39. We note from the discussion on page 54 of MD&A that interest expense on related party long-term debt accounted for 91%, 97%, and 96% of your interest expense in 2011, 2012, and 2013. Given the materiality of this related-party interest expense to your results of operations, please revise your consolidated statements of operations to separately disclose this related-party interest expense on the face of your consolidated statements of operations. Refer to the guidance outlined in Rule 4-08(k) of Regulation S-X.

Response: The Company respectfully acknowledges the Staff’s comment and has revised its consolidated statements of operations in the Amendment as requested.
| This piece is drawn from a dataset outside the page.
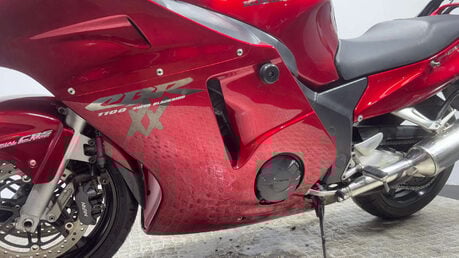 Honda CBR 39K 1998 GOOD RUNNING LIGHT PROJECT BIKE 1100CC 7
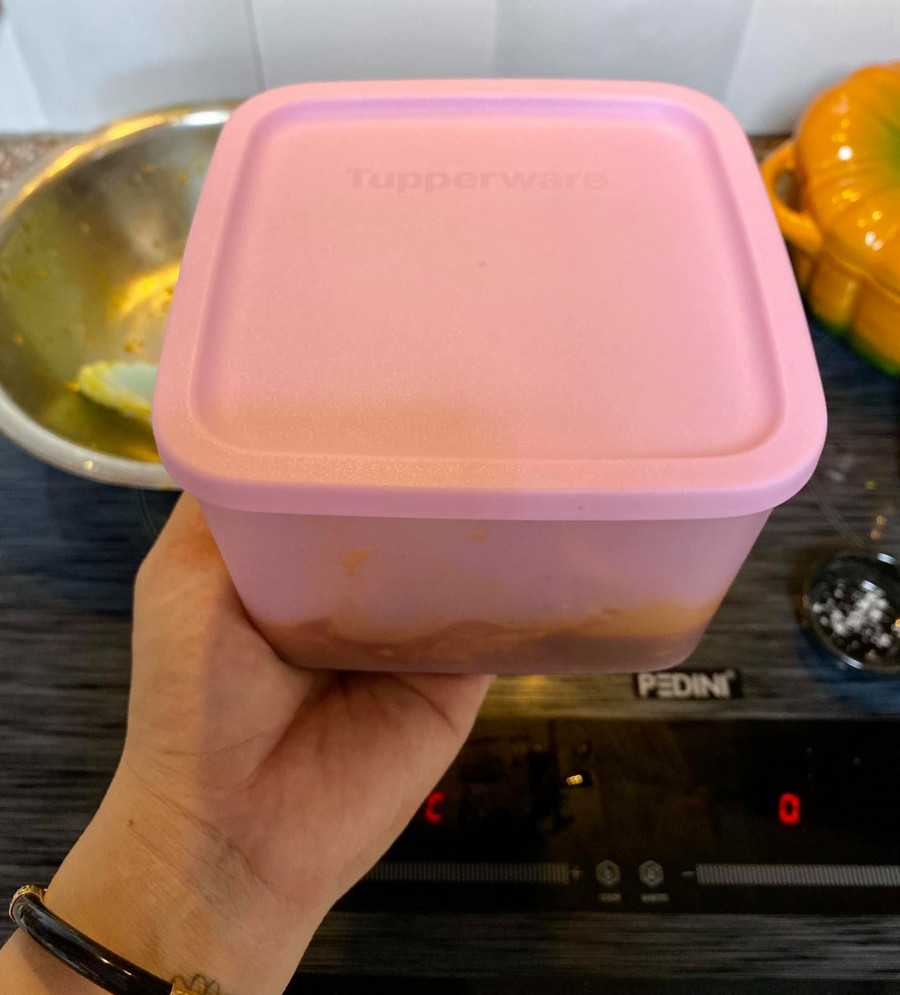 Cho vào hộp có nắp, bỏ vào tủ lạnh 3h.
Notes to Consolidated Financial Statements, page F-9

(2) Unaudited Pro Forma Balance Sheet, page F-9

 

40. We note that in connection with the 2014 Recapitalization, the company’s preferred stock and various classes of common stock will convert into the company’s common stock. Please revise to disclose the conversion terms under which the preferred shares and various categories of common shares will convert into the company’s common stock. Also, we note that in connection with this transaction, the company will execute with affiliates of the Virgin Group an amended license agreement related to the Virgin name and brand increasing the royalty payment for the defined term of the agreement. Please revise to explain in further detail how this revised licensing arrangement will be reflected in the pro forma balance sheet.

Response: The Company respectfully acknowledges the Staff’s comment and notes that, as a result of including the pro forma financial statements in the Amendment in response to Comment 7 above, it has removed Note 2 from its consolidated financial statements.

(3) 2013 Recapitalization, page F-10

 

41. We note from page F-11 that you accounted for the 2013 Recapitalization as a troubled debt restructuring given that the creditors granted a concession by reducing the aggregate amount of debt. Please note that in order for troubled debt restructuring accounting to apply, the debtor must have been experiencing financial difficulties as outlined in paragraphs 7 through 9 of ASC 470-60-55. Please tell us whether you were experiencing financial difficulties as explained in the ASC 470-60-55. To the extent you were not experiencing financial difficulties, please revise to evaluate the modification of your debt under paragraphs 6 through 12 of ASC 470-50-40.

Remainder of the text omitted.